Par Claude Monnier : L’Atelier d’images ressort dans une copie HD éclatante et avec force boni « American Psycho », adaptation du célèbre roman de Bret Easton Ellis. Ironiquement, cette édition steelbook ultra soignée semble épouser la maniaquerie extrême du personnage principal, Patrick Bateman (Christian Bale), trader psychopathe obsédé par tous les signes extérieurs de richesse. Le film de la canadienne Mary Harron, tout comme le roman d’Ellis, est une caricature du capitalisme reaganien, qui prend au pied de la lettre l’expression « requin de la finance ». Si le capitalisme reaganien, ou plus tard trumpien, a une logique profonde (écraser impitoyablement la concurrence), alors Bateman la pousse jusqu’au bout : il écrabouille à coup de pied, de couteau, de hache ou de tronçonneuse tous les « faibles » qu’il méprise et qu’il exploite. Homme creux, Bateman est le réceptacle de tout ce que l’homme moderne peut avoir de pire : le racisme, le snobisme, le mensonge, la vacuité, l’avidité, la cruauté. Si le film est supportable, c’est justement parce que cette accumulation est délibérément outrée (témoin cette scène où Bateman manque de s’évanouir lorsqu’un de ses collègues lui brandit une meilleure carte de visite que lui !). Et aussi parce qu’à sa manière, « American Psycho » est un film fantastique : Bateman est une sorte de Diable qui a pris la forme du gendre idéal pour commettre ses ravages incognito, en toute impunité, voire dans l’indifférence générale. Le Diable est dans les détails, dit-on. C’est sans doute pourquoi Mary Harron insiste avec malice, par des inserts constants, sur les innombrables plats luxueux, produits cosmétiques, cartes de visite, CD de pop music, armes variées et contondantes, bref sur toute la vile matière qui façonne cette silhouette à la fois banale et maléfique. L’équivalent visuel du « name dropping » du romancier. Le produit vénéré, forme suprême du matérialisme, EST le message. Le scope très soigné, presque maniaque, traduit bien l’état d’esprit du personnage.

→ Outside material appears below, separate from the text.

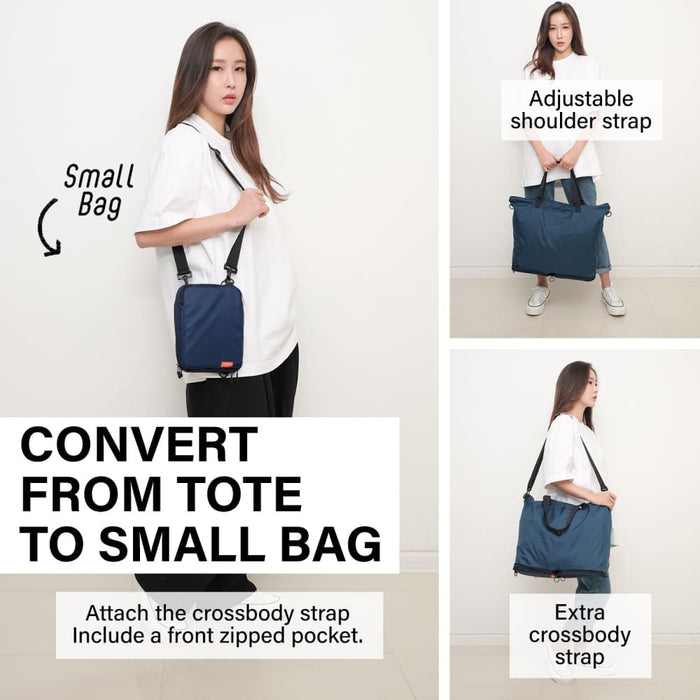 Navy Shopper Bag Tote Foldable Travel Laptop Grocery Ko-dual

On pourrait reprocher à la réalisatrice d’être trop dans du « Ellis illustré » ou de faire du roman une sorte de série B de luxe. Mais heureusement elle parvient à « dédoubler » intelligemment son film, à adjoindre, au regard masculin en gros plan (celui du romancier, celui de Bateman), son propre regard de femme. Mary Harron approche cet homme puis soudain s’éloigne, prenant un point de vue distant sur cet horrible mâle en rut, insistant notamment sur le regard plein d’incompréhension, ou de consternation, de toutes les femmes (secrétaires, prostituées, compagnes) qui traversent la vie de ce mannequin de vitrine nommé Bateman. Cette incompatibilité entre ces femmes, comédiennes et réalisatrice, et cet homme, renforce le sentiment de profonde solitude qui émane de ce monde.